**Task objective**
Could you give again exactly, and only, the lines from the one holding "Paris Prix Table" through the end of the data, both ends included, with pictures left out?

**Available data**
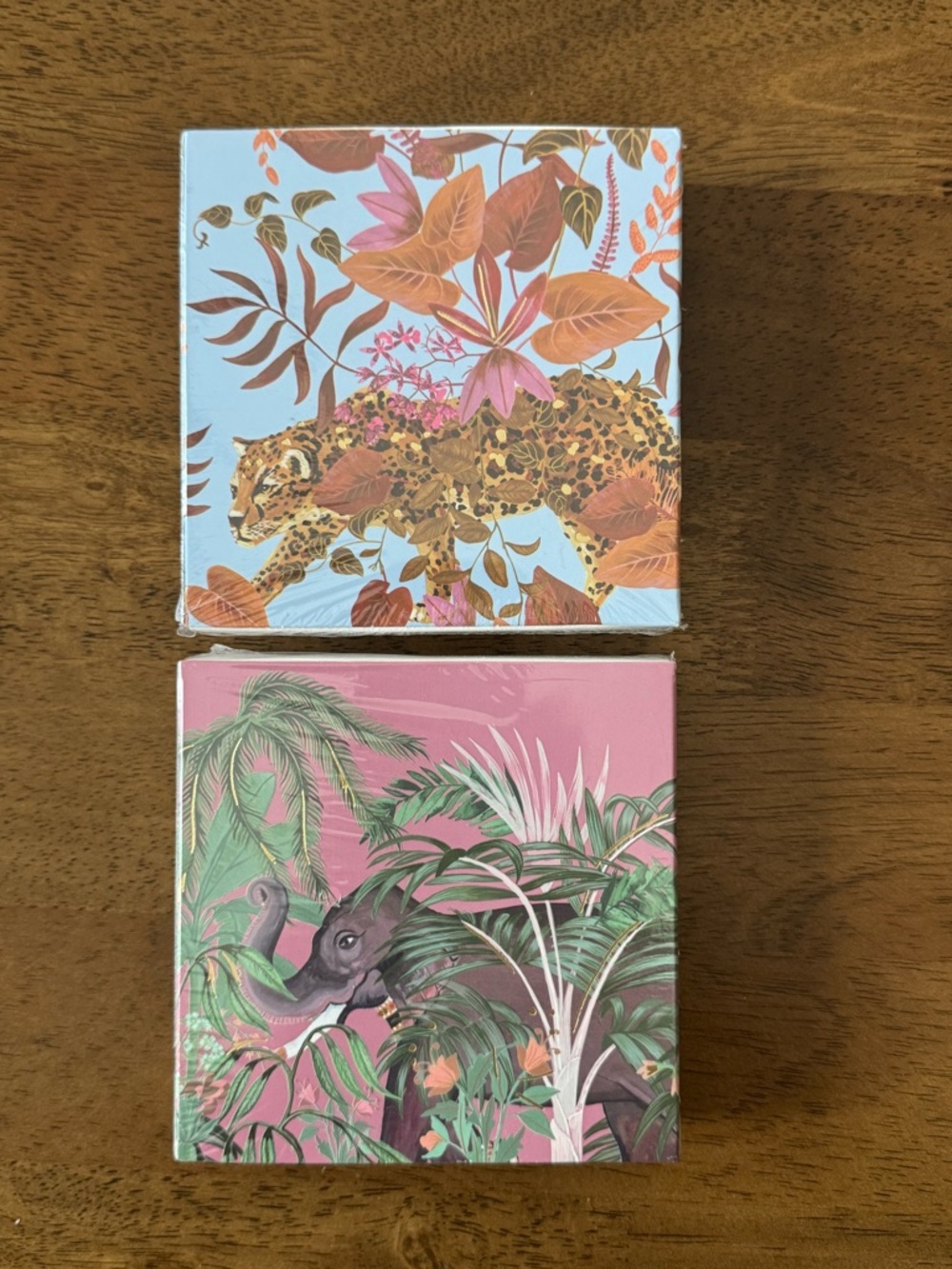 Anthropologie Wood Matches Set of 2 (120 Count each )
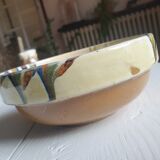 Vintage handcrafted ceramic bowl or ramekin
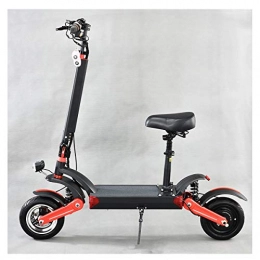 LJP Electric Scooter LJP Electric Folding Scooter Folding Portable 100km Range 23AH Battery Electric Scooter With Seat 12 Inch Tires Gift For Adults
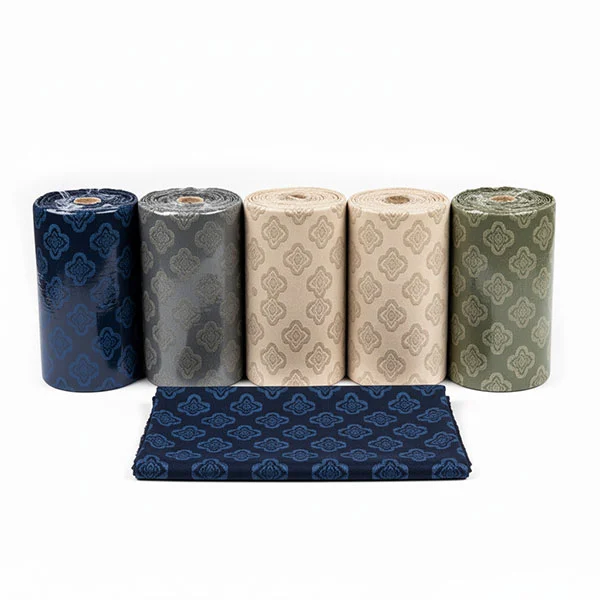 Nylon Jacquard Bélés Nylon Jacquard Bélés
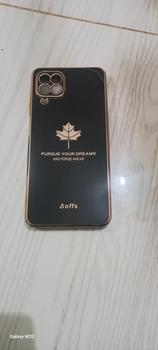 Product Review of Softcase Samsung A22 4G - M22 - M32 Silikon Maple Plating Motif Daun from Tokopedia customer review 0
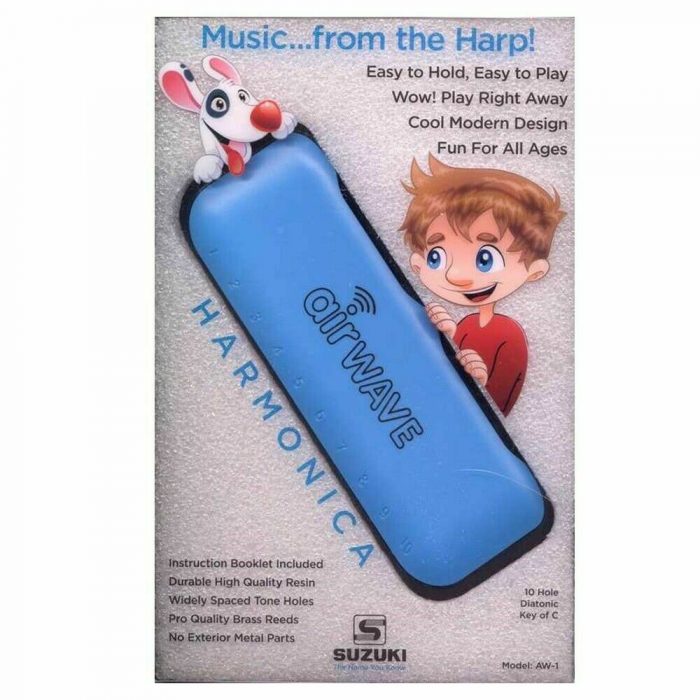 Suzuki airwave harmonica clearance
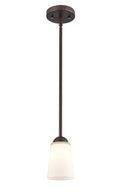 6'' Ivey Lake Rubbed Bronze 1 Light Pendant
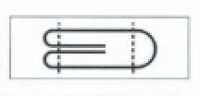 M-9910-ST-2 M-9910 Scotchlite ST-2 (Four-fold, Both Side Stitched)[Ribbon Tape Cord] STAR BRAND (Hoshika) Sub Photo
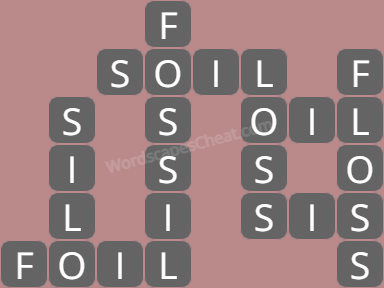Wordscapes daily puzzle June 18 answers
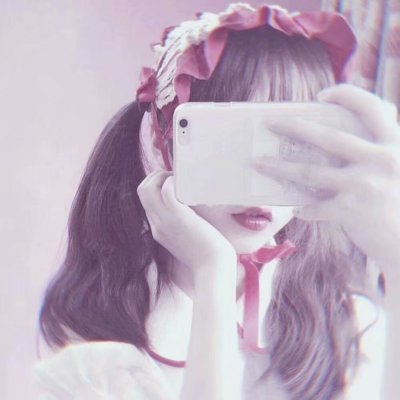 9张高清可爱双马尾女生QQ头像合集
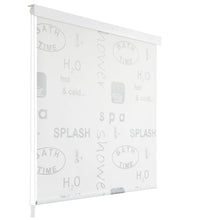 Duschrollo 100x240 cm Splash-Design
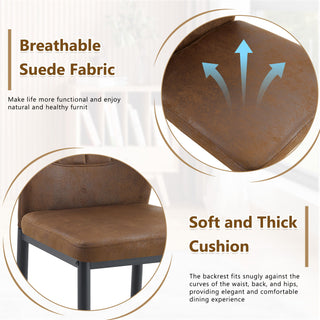 Dining Chairs With Shell Pattern, Comfort And Style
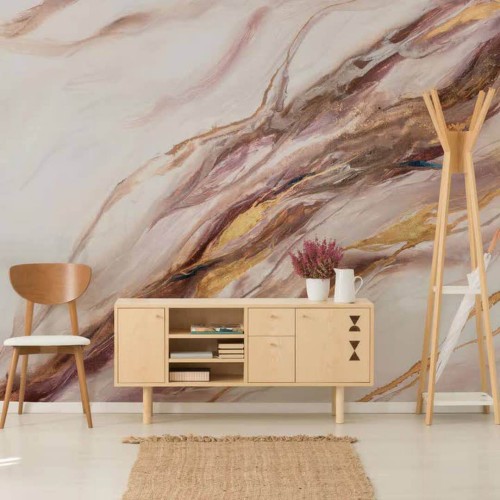 Fototapeta abstrakcyjna jak marmur WallArt Blaze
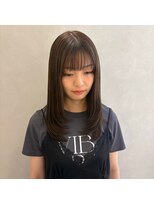 アンドワン 自由が丘(＆ONE)&nbsp;【&ONE 自由が丘】layer cut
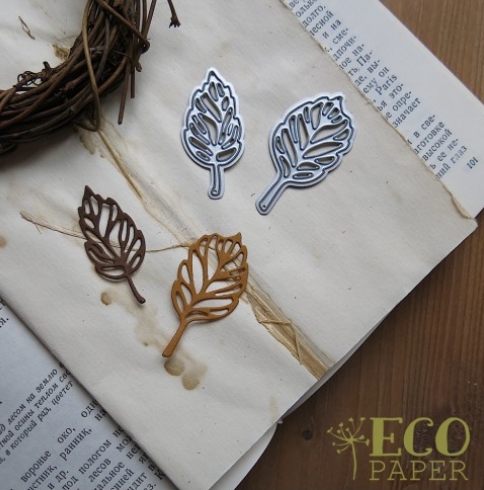 Ножи для вырубки ECO Paper "Прожилки"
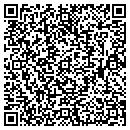 QR code with E Kuser Inc contacts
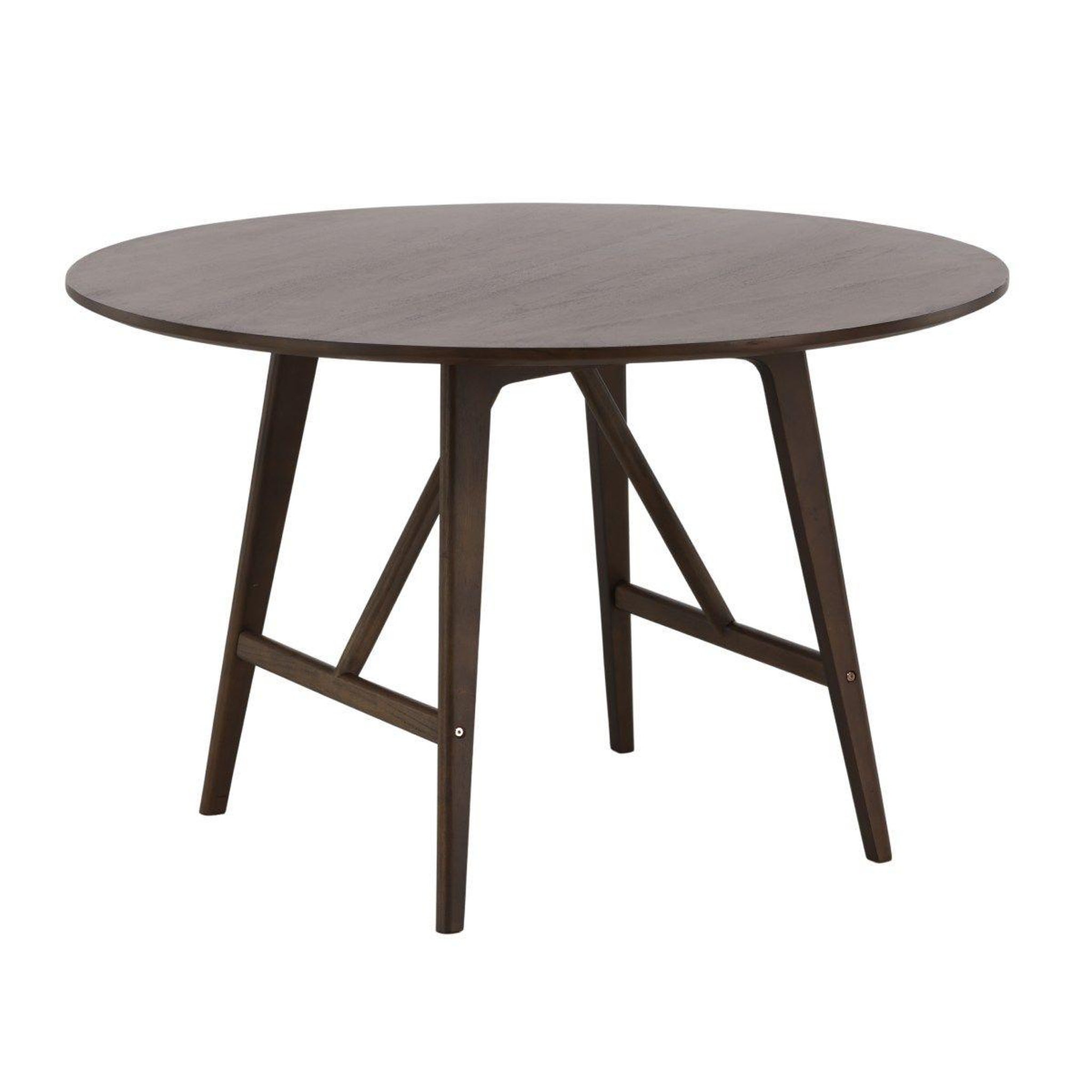 Paris Prix Table à manger ronde  kaseidon  100cm marron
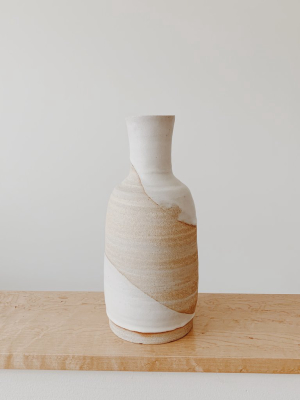 Stoneware Flower Vase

**Answer for this exercise**
 Paris Prix Table à manger ronde  kaseidon  100cm marron
 Stoneware Flower Vase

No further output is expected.